Hungarian Paprika v Spanish Pimenton

Today's question for the chef: Is there a difference between Hungarian paprika and Spanish paprika?

The short answer is yes. And here are the delicious details:

Hungarian Paprika and Spanish Pimenton are spices made from Capsicum peppers. Capsicum peppers range in variety from sweet, like the American bell pepper, to hot chili peppers. The Capsicum pepper is a new world food, with origins in the Americas. Today, Capsicum peppers are grown in every region of the world.

Paprika, in Hungarian and other European languages, refers to the dried spice and the pepper its made from. The Spanish word for the spice is Pimenton. Until recently Hungarian paprika found in U.S. markets was limited to a sweet variety. Versions with heat are showing up on grocery store shelves with more frequency.

more on the sweet, smoky and hot paprika after the jump

Spanish Pimenton is made dulce-sweet, agridulce-bittersweet with medium heat or spiciness, and picante-hot.
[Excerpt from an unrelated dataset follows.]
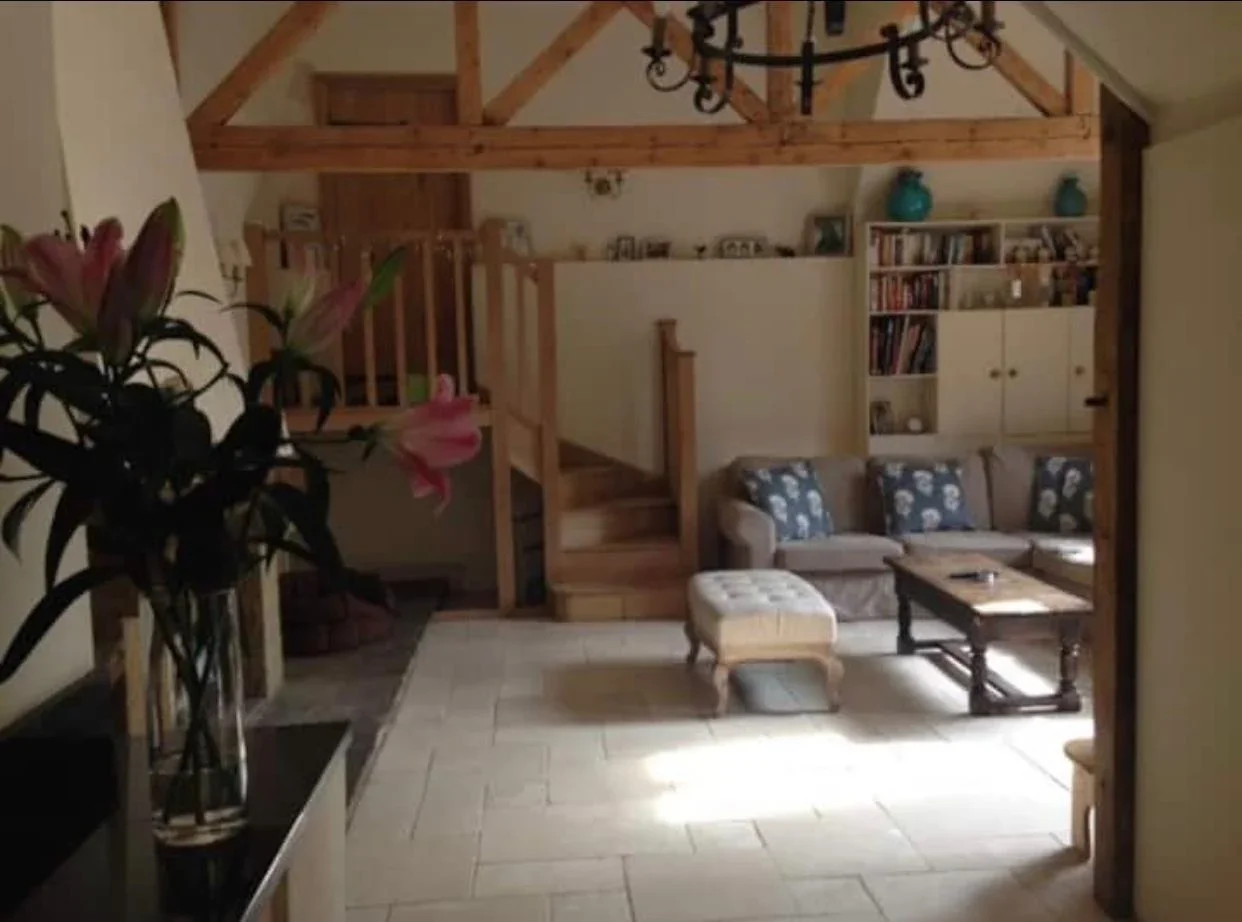 House Tompsets Bank in Wealden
The intensity of the heat derives from the type of pepper(s) used to make the Pimenton. The difference between the two styles of the spice is how they are made.
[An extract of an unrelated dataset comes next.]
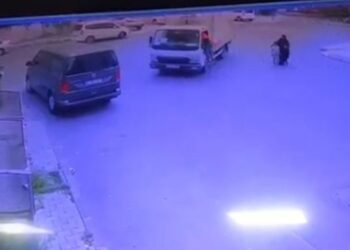 Kamyoneti camından içeri atlayarak durdurdu!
Traditionally, to make Hungarian paprika, peppers are strung together and hung to air dry. After the peppers dry out, they are stemmed, seeded and ground. To create Pimenton in Spain, the peppers are dried slowly, a process that takes about two weeks, over slow burning oak. Rotated daily during the drying process, when done they are stemmed, seeded and stone ground. The Spanish drying process gives the Pimenton its distinctive smoky flavor.

Most of us associate Hungarian paprika as a simple means to add a dash of color to eggs, poultry, fish or meat. But it adds flavor as well. Mix the paprika with a little oil to act as an agent to transfer flavor, and help prevent the spice from burning during cooking. We recommend gently heating the spice in oil to release the flavor as you cook your dish.

Spanish recipes regularly call for Pimenton in paella, stews and sausage making. We like to add it to chili, slow braised meat and poultry, and as an ingredient for smoky rubs.

Remember as with all spices, store in a cool, dark cupboard or drawer and check your paprika for freshness before using.